This short appeared June 8, 2006 at Tribe’s Flashing in the Gutters.
I squirmed in the too hard chair. I really needed a bathroom, but the judge was intoning something, and the jury was filing back in. My lawyer reached over and squeezed my hand. It just made me think of my bladder, and I wished I’d wake up already so I could drag myself through the dark to the toilet.
But this was one of those dreams that goes on and on and on, with no end in sight. I crossed my legs instead, admired my black patent Laboutin pump. A steal.
Judge Blowhard was talking again. “Ladies and Gentlemen of the jury, have you reached a verdict?”
A mousy middle-aged frump with a gray bun stood, holding out a piece of paper, which Barney Fife walked over to the judge. He started up again. My lawyer pinched my forearm. I stood tall.

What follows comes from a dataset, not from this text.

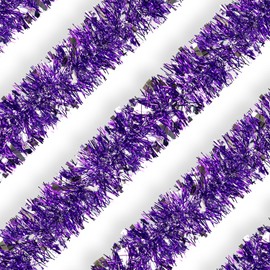 Purple Silver Christmas Tinsel Garland, 10m/32.8ft Chunky/Fine Christmas Tree Hanging Tinsel Decoration Metallic Tinsel Christmas Decoration Tinsel for Christmas Tree Decor (Purple Silver)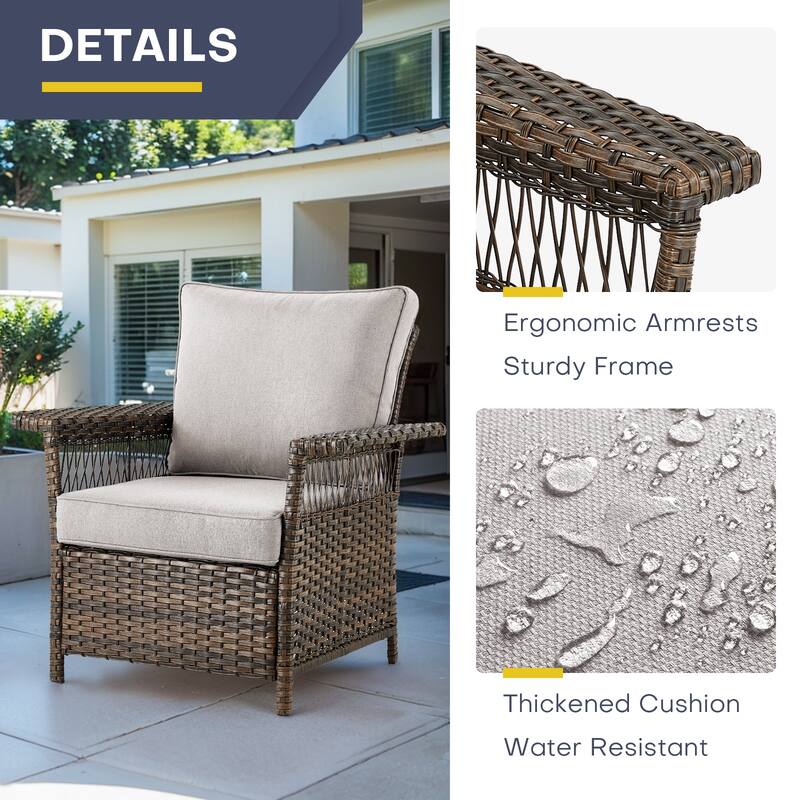 Gymojoy 4Pcs Sofa PE Rattan Swivel Chair Table and Ottoman - Brown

“In the case of Davis v. the State of Tennessee, we the jury in the aforementioned case find the defendant, Lisa Davis, guilty of murder in the second degree.”
There were gasps from the audience. I turned and saw my mother, weeping softly into a white linen handkerchief. On the other side of the aisle, Buck Davis, my father-in-law, was smiling broadly. He gave me one of those looks and spoke loudly.
“You bitch, you shot my son. Now the world knows he didn’t kill himself. I hope you rot.”
He turned and swept out of the courtroom. The heat rose in my chest and I was blinded for a moment, furious. This was bizarre. I searched the crowd. Where was Troy? My golden haired boy man, the one who’d swept me off my feet, loved me true. It’s only a dream, silly, I chided myself. You’ll wake up and Troy will be laying next to you, warm and solid.
I turned back to my lawyer, who was making murmuring noises in my ear. Something about minimum security, a psychiatric hospital. Promises to come see me soon. Then I was handed over to the bailiff, cuffed and walked from the room.
The panic began in a slow well. The handcuffs were tight, biting into my flesh. I started to thrash, trying to force the dream away, but the bailiff pulled my right arm down hard enough that the joint popped and I hissed in pain.
“Knock it off, girlie. We’re going for a ride.”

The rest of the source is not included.